*** Opening Material for this exercise ***

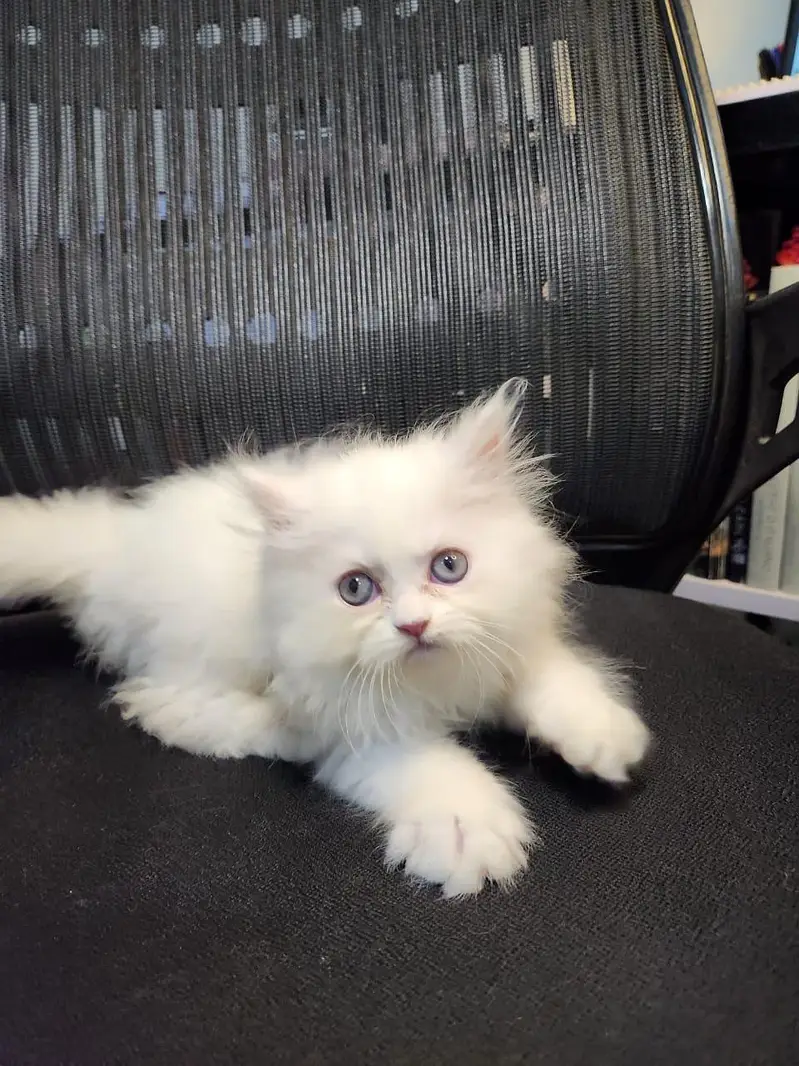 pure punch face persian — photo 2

*** Closing Material for this exercise ***
*** Opening Material for this exercise ***

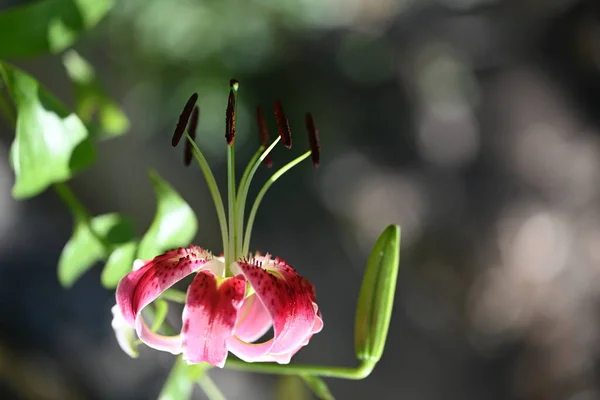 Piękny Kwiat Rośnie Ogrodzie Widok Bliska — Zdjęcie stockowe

*** Closing Material for this exercise ***
*** Opening Material for this exercise ***

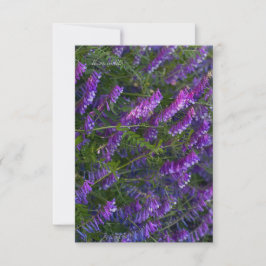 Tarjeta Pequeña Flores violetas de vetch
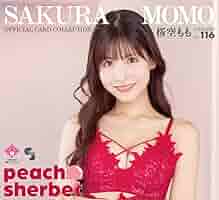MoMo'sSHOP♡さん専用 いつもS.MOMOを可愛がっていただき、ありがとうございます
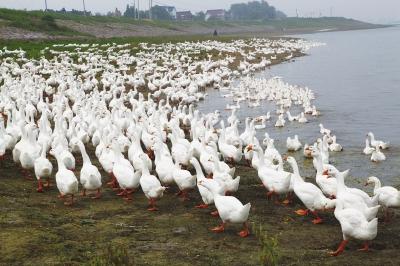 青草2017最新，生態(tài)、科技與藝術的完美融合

*** Closing Material for this exercise ***

What is being asked: The reply should hold exactly the lines above, starting at the line with "Tarjeta Pequeña Flores violetas de vetch" and ending at the line with "青草2017最新，生態(tài)、科技與藝術的完美融合", and no pictures.

Output:
 Tarjeta Pequeña Flores violetas de vetch
MoMo'sSHOP♡さん専用 いつもS.MOMOを可愛がっていただき、ありがとうございます
 青草2017最新，生態(tài)、科技與藝術的完美融合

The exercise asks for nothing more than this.